### Brief
Look through the data below and output, unchanged, every line from the one holding "Darco Heel Wedge" through the one holding "Razer Huntsman V3", inclusive. Skip the pictures.

### Input records
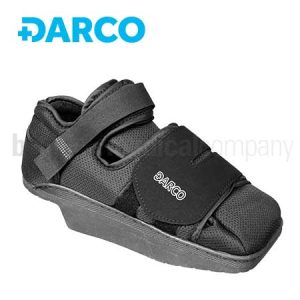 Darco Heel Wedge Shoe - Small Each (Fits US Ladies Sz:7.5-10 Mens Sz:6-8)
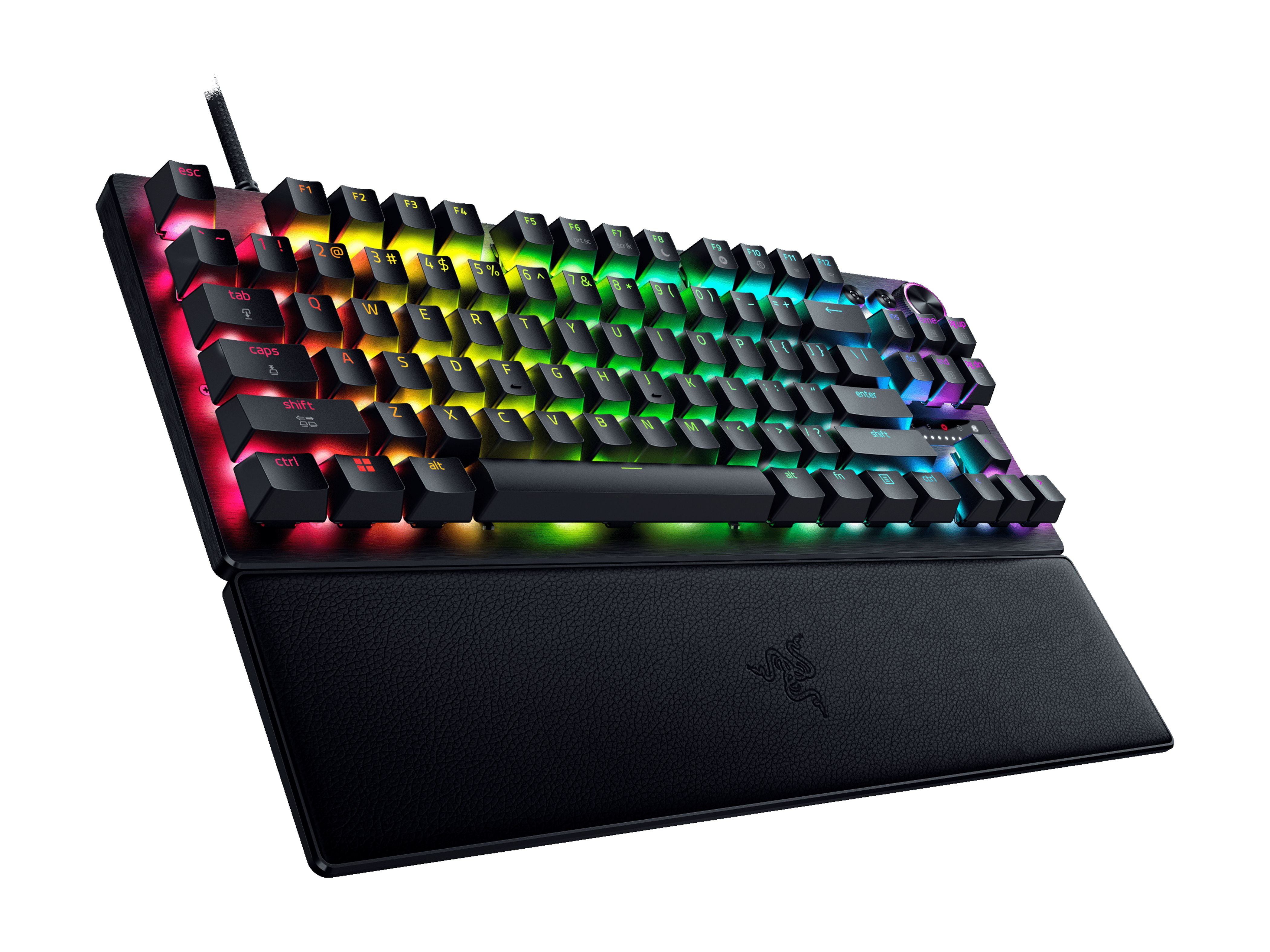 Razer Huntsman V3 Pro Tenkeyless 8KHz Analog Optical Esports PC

---

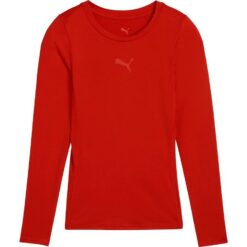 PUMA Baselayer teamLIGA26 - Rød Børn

### Answer
 Darco Heel Wedge Shoe - Small Each (Fits US Ladies Sz:7.5-10 Mens Sz:6-8)
 Razer Huntsman V3 Pro Tenkeyless 8KHz Analog Optical Esports PC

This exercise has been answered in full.